Escrevi, neste artigo, que o trabalho numa sala de berçário passa muito pela estimulação sensorial. Por isso, e querendo sempre envolver a Carlota naquilo que faço, criei com ela uma data de garrafas sensoriais. Na verdade, ela fez quase tudo e vi-a tão feliz por poder participar em algo para “os bebés da mãe” que só por isso já valeu a pena todo o trabalho.

As garrafas

As garrafas são muito fáceis de fazer, basta ter os ingredientes certos. Mas eu explico tudo direitinho, ok? Ora, então vá…

Material necessário

  • Garrafas transparentes pequenas
  • Cola transparente
  • Estrelas (tipo purpurinas)
  • Água
  • Purpurina cola
  • Pompons médios
  • Bolas de gel (daquelas que se colocam nos arranjos)

Modo de preparação

Comece por colocar algumas estrelinhas, dois ou três pompons, meia dúzia de bolas de gel e um pouco de purpurina cola.
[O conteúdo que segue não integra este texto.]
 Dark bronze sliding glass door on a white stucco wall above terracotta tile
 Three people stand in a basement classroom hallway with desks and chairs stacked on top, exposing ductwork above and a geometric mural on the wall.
De seguida encha até meio com a cola transparente. Por fim, adicione água e agite. Se tiver dificuldade em movimentar retire um pouco de líquido.

Depois é só oferecer ao seu bebé e vê-lo admirar-se com o que se passa dentro daquele pequeno frasco transparente! 🙂

Deixo as imagens que ilustram bem todo o processo! 🙂

Já conhecia esta atividade? As garrafas ficam super giras, não ficam?